Brief
Copy each of the entries below faithfully, setting aside any pictures.

Records for this exercise
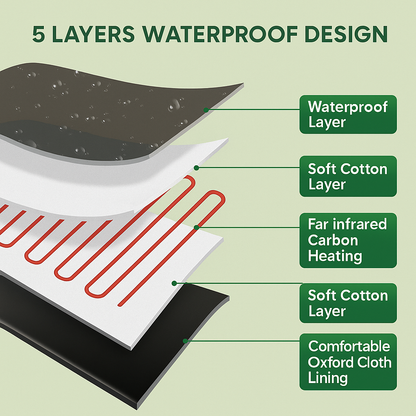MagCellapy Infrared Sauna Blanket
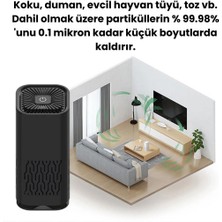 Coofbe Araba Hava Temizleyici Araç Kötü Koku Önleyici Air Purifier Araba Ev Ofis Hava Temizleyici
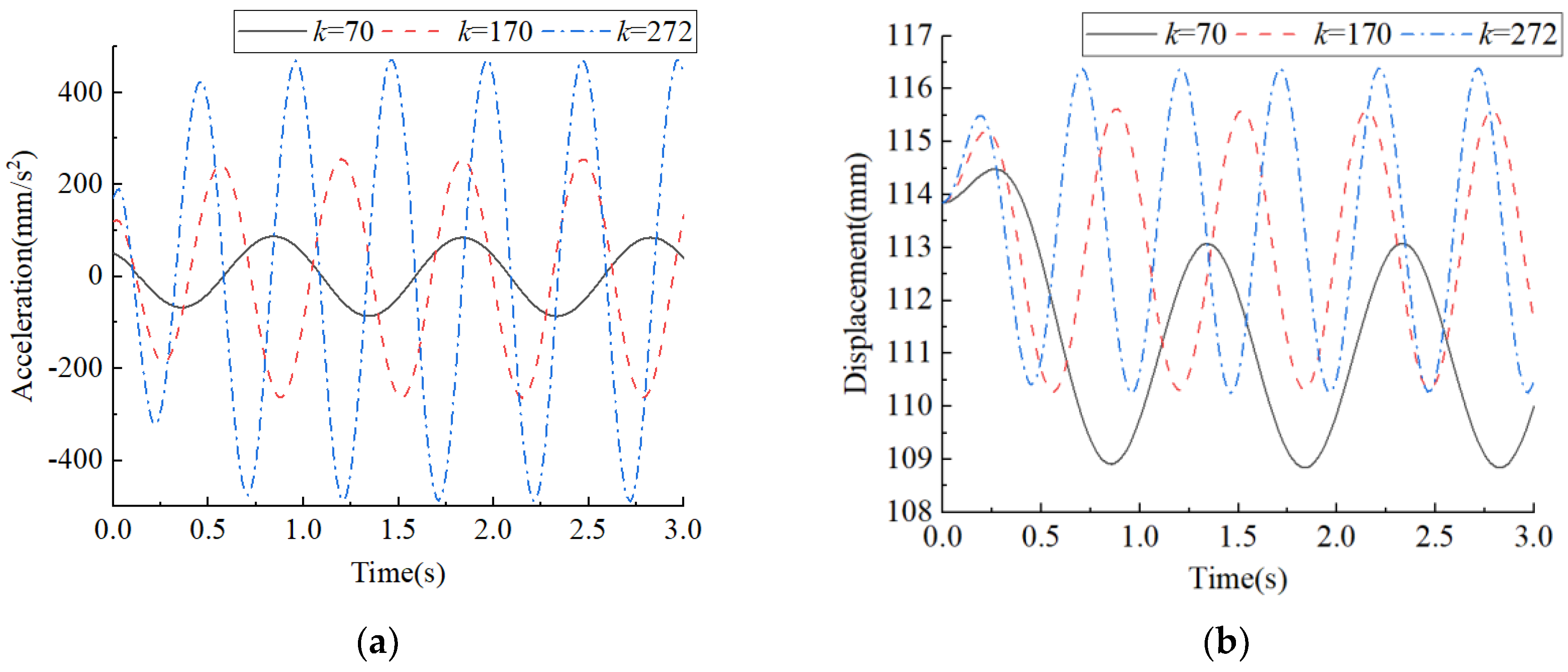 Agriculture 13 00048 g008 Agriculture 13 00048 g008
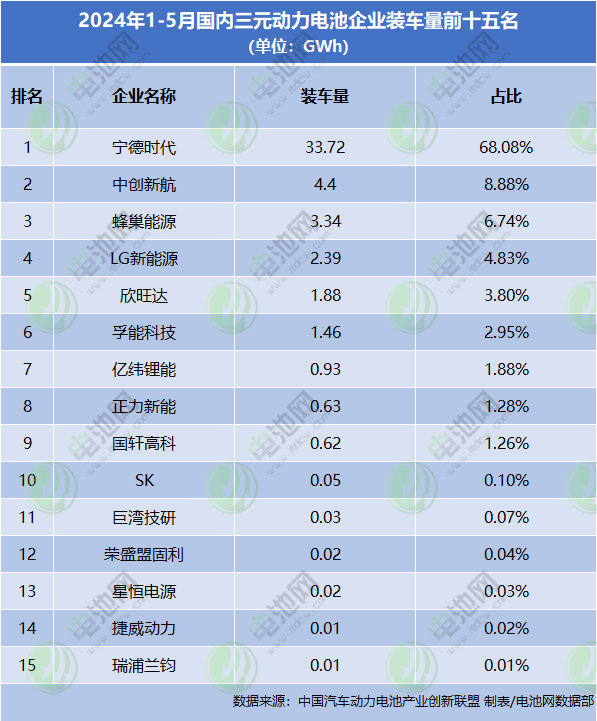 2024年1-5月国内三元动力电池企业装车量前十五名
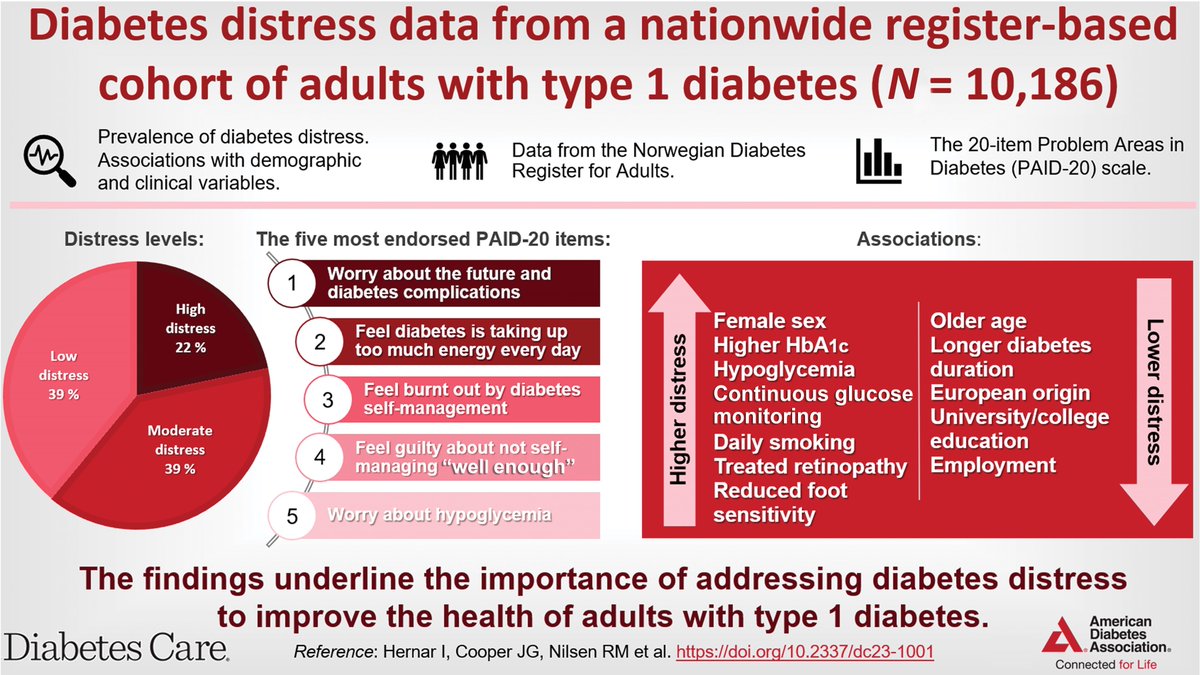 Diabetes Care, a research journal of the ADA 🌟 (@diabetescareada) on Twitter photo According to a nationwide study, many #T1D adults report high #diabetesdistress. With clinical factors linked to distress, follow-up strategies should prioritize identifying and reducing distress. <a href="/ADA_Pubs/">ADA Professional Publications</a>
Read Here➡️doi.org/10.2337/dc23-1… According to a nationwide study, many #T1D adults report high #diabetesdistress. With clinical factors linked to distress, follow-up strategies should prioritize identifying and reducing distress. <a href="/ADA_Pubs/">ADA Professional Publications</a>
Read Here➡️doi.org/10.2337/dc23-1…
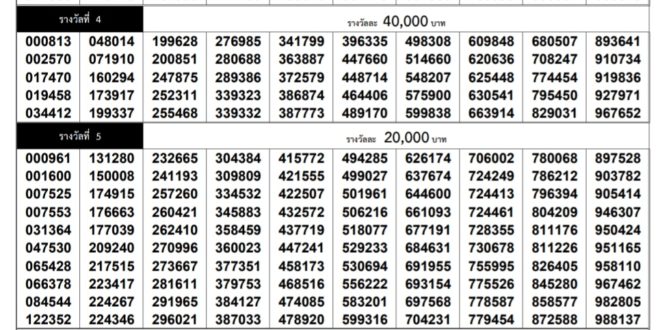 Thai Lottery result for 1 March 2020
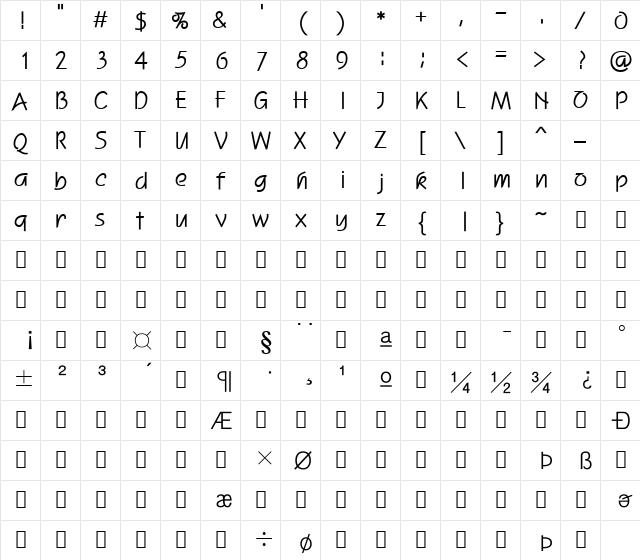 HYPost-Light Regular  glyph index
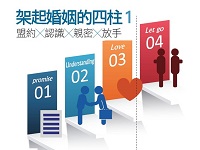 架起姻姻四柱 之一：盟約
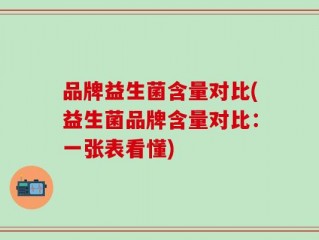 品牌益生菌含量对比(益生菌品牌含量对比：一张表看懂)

Completed exercise
MagCellapy Infrared Sauna Blanket
 Coofbe Araba Hava Temizleyici Araç Kötü Koku Önleyici Air Purifier Araba Ev Ofis Hava Temizleyici
 Agriculture 13 00048 g008 Agriculture 13 00048 g008
 2024年1-5月国内三元动力电池企业装车量前十五名
 Diabetes Care, a research journal of the ADA 🌟 (@diabetescareada) on Twitter photo According to a nationwide study, many #T1D adults report high #diabetesdistress. With clinical factors linked to distress, follow-up strategies should prioritize identifying and reducing distress. <a href="/ADA_Pubs/">ADA Professional Publications</a>
Read Here➡️doi.org/10.2337/dc23-1… According to a nationwide study, many #T1D adults report high #diabetesdistress. With clinical factors linked to distress, follow-up strategies should prioritize identifying and reducing distress. <a href="/ADA_Pubs/">ADA Professional Publications</a>
Read Here➡️doi.org/10.2337/dc23-1…
 Thai Lottery result for 1 March 2020
 HYPost-Light Regular  glyph index
 架起姻姻四柱 之一：盟約
 品牌益生菌含量对比(益生菌品牌含量对比：一张表看懂)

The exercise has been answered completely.